Pick n random 400-dimensional vectors. (Be careful or not all directions will be chosen with equal probability; pick each dimension as a standard Gaussian.) Each really defines a hyperplane through the origin cutting your space in half. The sign of the dot product of any of these vectors with some new vector tells you which side of the hyperplane it's on. So computing n dot products gives n 0/1 bits, which make an n-bit hash.
Any new vector hashing to the same value must be in the same small sliver of space from the origin. And those are exactly the vectors that have a high cosine similarity with each other since their mutual angles are very small. Likewise anything hashing to almost the same value -- differing in a few bits -- is likely to be nearby. So you can restrict your search for most-similar vectors to things within one or more buckets of hashed candidate vectors.

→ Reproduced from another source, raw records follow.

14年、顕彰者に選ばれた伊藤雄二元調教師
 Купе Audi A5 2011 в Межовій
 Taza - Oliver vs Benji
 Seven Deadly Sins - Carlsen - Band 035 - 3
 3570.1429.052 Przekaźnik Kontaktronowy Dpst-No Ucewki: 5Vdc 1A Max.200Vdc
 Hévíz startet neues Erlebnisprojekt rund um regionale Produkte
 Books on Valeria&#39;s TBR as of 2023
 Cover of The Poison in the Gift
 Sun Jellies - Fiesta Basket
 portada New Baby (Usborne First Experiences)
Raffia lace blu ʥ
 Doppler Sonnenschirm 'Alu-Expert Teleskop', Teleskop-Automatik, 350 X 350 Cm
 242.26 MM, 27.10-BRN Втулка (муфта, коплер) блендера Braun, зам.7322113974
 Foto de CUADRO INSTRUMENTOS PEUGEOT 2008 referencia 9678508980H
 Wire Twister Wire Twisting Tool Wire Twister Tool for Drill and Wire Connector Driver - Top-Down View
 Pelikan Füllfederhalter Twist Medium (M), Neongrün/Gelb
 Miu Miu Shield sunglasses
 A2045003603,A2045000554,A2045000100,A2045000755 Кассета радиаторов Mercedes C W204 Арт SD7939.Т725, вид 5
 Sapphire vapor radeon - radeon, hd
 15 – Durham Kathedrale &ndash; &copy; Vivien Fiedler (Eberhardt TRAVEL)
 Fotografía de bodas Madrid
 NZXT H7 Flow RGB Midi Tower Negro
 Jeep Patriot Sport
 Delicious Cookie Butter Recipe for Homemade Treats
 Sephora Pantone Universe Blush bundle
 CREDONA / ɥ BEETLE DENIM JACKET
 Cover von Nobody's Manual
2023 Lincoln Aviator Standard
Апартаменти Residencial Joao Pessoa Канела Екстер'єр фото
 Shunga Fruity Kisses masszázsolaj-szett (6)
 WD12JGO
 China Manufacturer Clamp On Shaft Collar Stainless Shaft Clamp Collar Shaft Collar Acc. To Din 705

It doesn't help directly with memory since you might need any particular bucket to satisfy a request. You also lose some accuracy since there is not a guarantee the most similar vectors lie in the buckets you examine (though it's likely, the more you examine). It lets you trade speed for accuracy mostly. However you may find you can get away with some caching scheme, where some buckets are rarely if ever accessed and so don't stay in memory.
You can see an implementation of this in Oryx, which I think is pretty straightforward.
Most of the complexity comes because it lets you specify a target percentage of vectors to evaluate, and works out the optimal hash size based on that and your machine's number of cores.